Certainty, certainty, heartfelt joy, peace.”
At the time of my life when I started reading Pascal in earnest, I had already had my “Night of Fire” – a moment when I experienced God’s overwhelming peace. It was a moment of transcendent certainty that He was there and that I knew Him much in the way that Pascal described Him – not as a God who was a theological idea, but the living God who had been faithful through the ages.
That time for me (which I talked about in a blog posting last year) became a moment to remember, but in the seven years from then until my time of studying Pascal, I came to realize its limitations. I could try to recall or even recreate that feeling of certainty. I even memorialized it with a stone that I picked up that day. Pascal did the same by keeping a copy of what he wrote sewn in his jacket pocket until his untimely death in 1662. But thinking back on an event does not duplicate the experience, much as we sometimes try.
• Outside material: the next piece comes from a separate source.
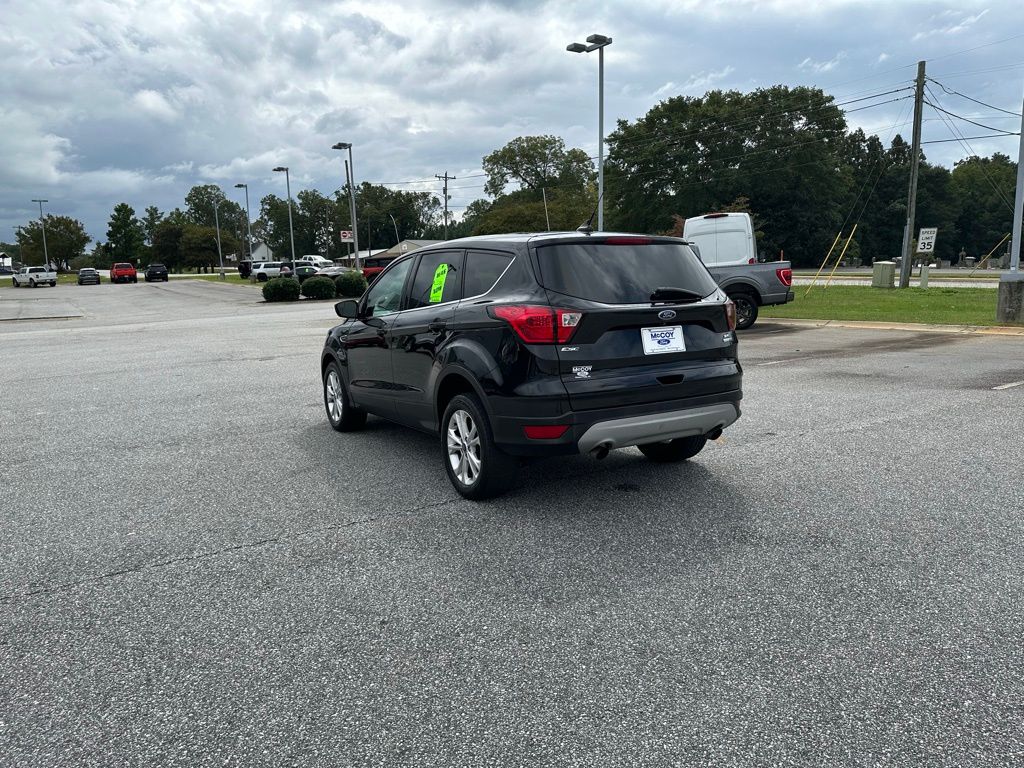 2019 Ford Escape SE photo 2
What my study of Pascal’s life and writings taught me was that, despite these fleeting openings to the transcendent, the attempt to achieve a lasting certainty is an illusion. Living as a human being means living without guarantees. Every step we take, every decision we make, takes place under conditions of uncertainty. I had been convinced through my reading of the work of Christian apologists that I should be able to achieve certain knowledge about God and the reality of who Jesus was. Even now, there is a long train of arguments that seem to communicate that if we use our reason properly and investigate the evidence without preconceived notions (as if that could be achieved!) then we will unfailingly arrive at the truth – at certain knowledge. It never seemed to work that way for me. There was never enough evidence to make me feel as certain as I felt like people were saying that a Christian should be. And at times it made me despair.
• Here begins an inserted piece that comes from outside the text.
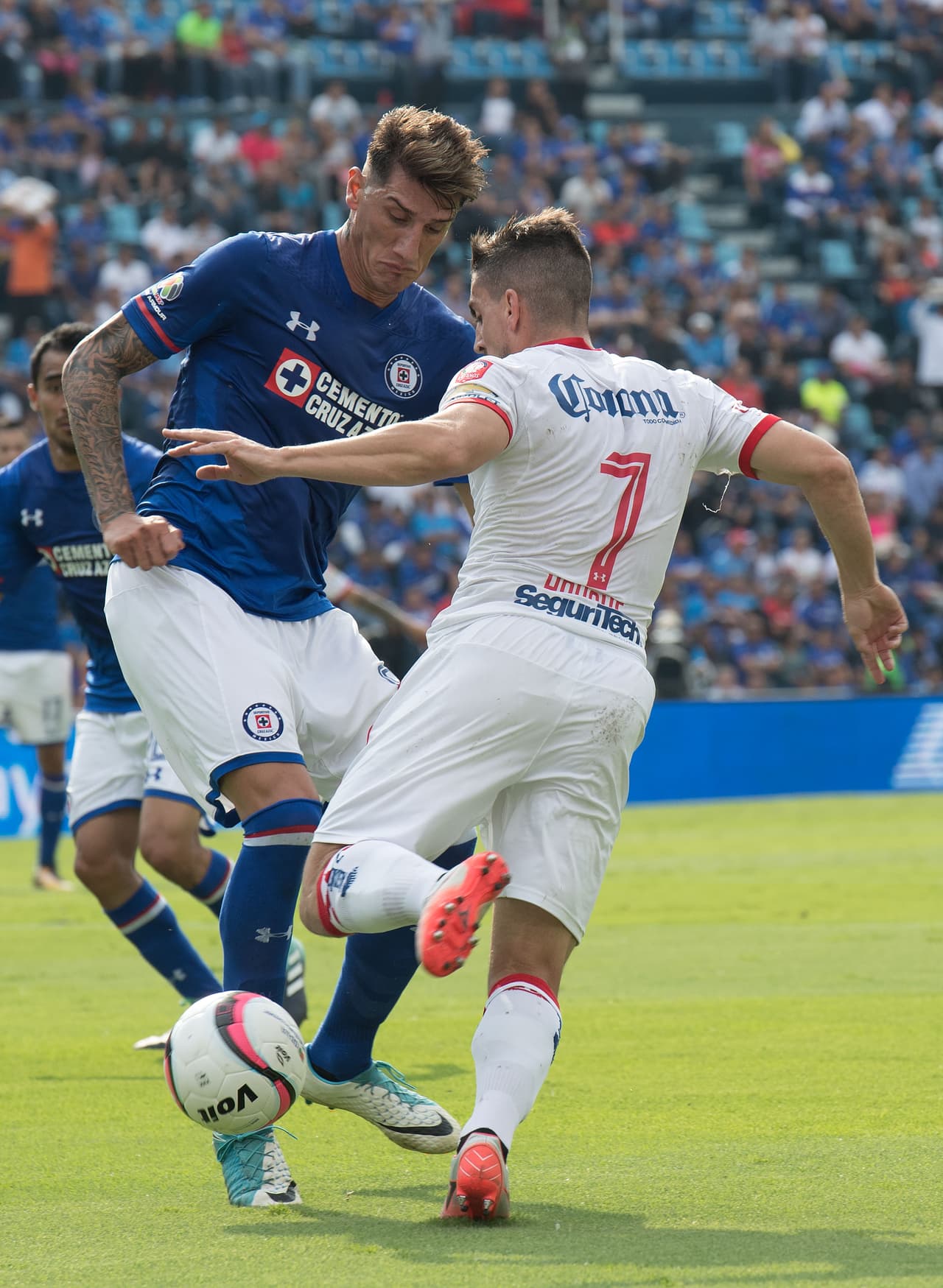 Pero a la escases de oportunidades reales de gol de Cruz Azul, se le sumaron un par de lesiones. A los 65 minutos Felipe Mora debió dejar el campo y a los 71’, Gabriel Peñalba hizo lo propio, ambos aquejados por molestias.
Pascal helped me see things in a new way. For while he talked of certainty, his sense certainty has a different feel to it. He made clear that our use of reason falls short of the kind of certainty we want. As a mathematician, he knew the ways that geometry constructed proofs, which could contain a sense of certainty because it refused anything that was not built on clear definitions and previously demonstrated (proven) propositions. However, he also recognized that our world was not like this. The actions, interaction, the principles and evidence that one must sort through to come to a decision are not capable of being exhaustively cataloged. We cannot attain to intellectual certainty with our feeble, finite minds.
And so Pascal said, in one of his famous lines:
“The last proceeding of reason is to recognise that there is an infinity of things which are beyond it. It is but feeble if it does not see so far as to know this.”
And thus, he says, in another place:
“The heart has its reasons, which reason does not know.”
Pascal gave me the freedom to know that the ultimate goal is not certainty. If I am interested in a relationship with the living God, He is the Truth that i seek, not the mental assuredness of some set of statements or propositions.